Chalk up one potentially raucous encounter that I entered into, running headlong and alarming sure of my perseverance. In reality, I'm goddamned fortunate situations like this don't end up worse. To be sure, I haven't blogged about them all. But I think that I walk away relatively unscathed every time might be emboldening me.
Pretty as an airport Fast forward to an hour ago, back in Riverwest, for the second of the week.
I had just brushed my teeth, and I was winding down for the evening. For whatever dorky reason, I was watching a YouTube video of someone else playing the Ghostbuster video game (I don't own a game console, so I have yet to play it myself at length). In the midst of sound effects simulating a book Golem being smashed apart by proton streams, I thought I heard something.
A thud?
A pipe in the basement?
No, it sounded like something outside. Hit the mute.
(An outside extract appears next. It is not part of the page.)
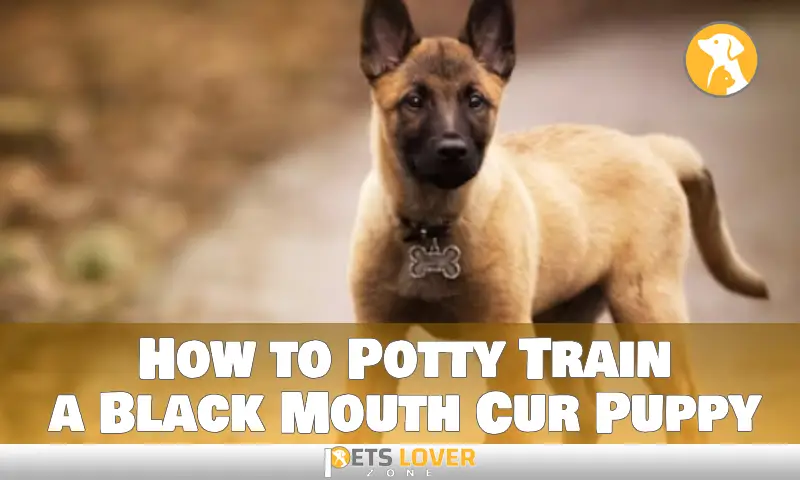 How to Potty Train a Black Mouth Cur Puppy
I didn't have to wait long before hearing the tinkle of glass. I had yet to hear a car alarm sound, so I was sure what I was about to see. I had new neighbors on my floor, and it was possible that I was about to brashly investigate one of them stepping out for a smoke. I threw my boots on haphazardly, grabbed my MagLite, and headed for the backdoor of my building.
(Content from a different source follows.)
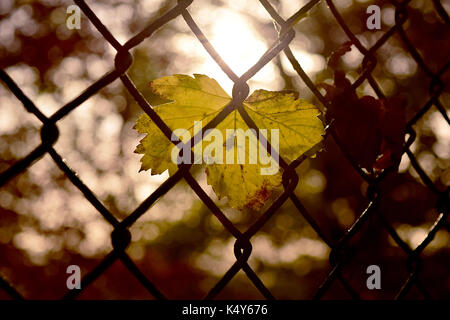 Fallen leaf caught on fence, photographed at Edinburgh Zoo Stock Photo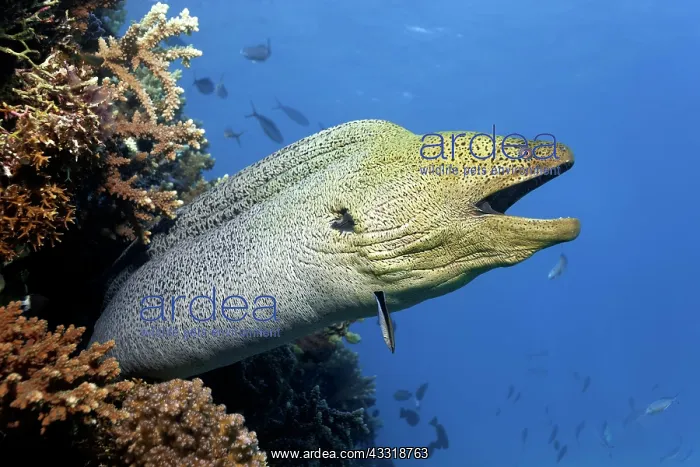 : Giant Moray moray (Gymnothorax javanicus) with open : Giant Moray moray (Gymnothorax javanicus) with open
There are two residents that park their car in the patch of asphalt betwixt two garages behind my domicile. One belonging to a couple roughly my age, and the other belonging to my dear golden years neighbor.
Evidently, an industrious bloke had set about robbing both of their automobiles of whatever knick-nacks he could.
There he stood, looking up from a smashed SUV window like a deer in headlights. There I was, taking one second to process that this was not anyone on whom I had ever laid eyes.
"HEY!!!!!", I inquired with all of the subtlety of a semi truck smashing through a gas station.
I charged.
He panicked and threw a box of would-be stolen goods at me.
Our private episode of COPS began.
I pursued this man, not clear on if he was armed, on something or precisely what circumstances led him here. I ran at him like a rottweiler locked onto an intruder, and he fled with the proportionate response.
Now then, a word on the art of pursuit: tie your bloody shoes before you try it. Just do it. Throw your boots on in a hurry, sure... but make sure they're securely fastened to your feet.
I sprinted after this man, yelling such arresting dialogue as "STOP!!" and the equally persuasive "I SAID 'STOP', SHITHEAD!!". Amazingly, he did not halt and say "terribly sorry, old chap. Let us engage in meaningful discourse pertinent to the enforcement of justice". Simply shocking.
He changed course two houses up the alley, and we were now striding across the lawn of someones pleasant one-story home. By this point, I was straining to gain on the would-be burglar, as well as trying to keep my boots on my plodding feet. After the length of one block, it was abundantly clear that I would not apprehend this individual unless he fortuitously tripped. I noted that I should acquire velcro combat boots for future use, and returned to the smashed car window party.
He vanished into the night. I returned to my building to inspect the damage. He had broken out the small wing window in the back of my elderly neighbor's car. Surprisingly, he hadn't set off the car alarm. He had better luck than I, considering how my shoveling it out of snow or moving it for said resident would led to audible complications.
What did he try taking from her? Walker wheels. A box containing 6" walker wheels. They were lying on the ground about ten feet from the car. Apparently there's a brisk black market trade of geriatric aides going on out there.
As for the truck I actually caught him breaking into... Tony apparently hadn't properly activated his car alarm. But he had been broken in to before on numerous occasions, so there was nothing of value to loot inside of his automobile either. What the perp had thrown at me was a shoebox.
To review, I tore headlong into possible danger to recover walker wheels and a box of old shoes.
Does this shit ever happen to Batman?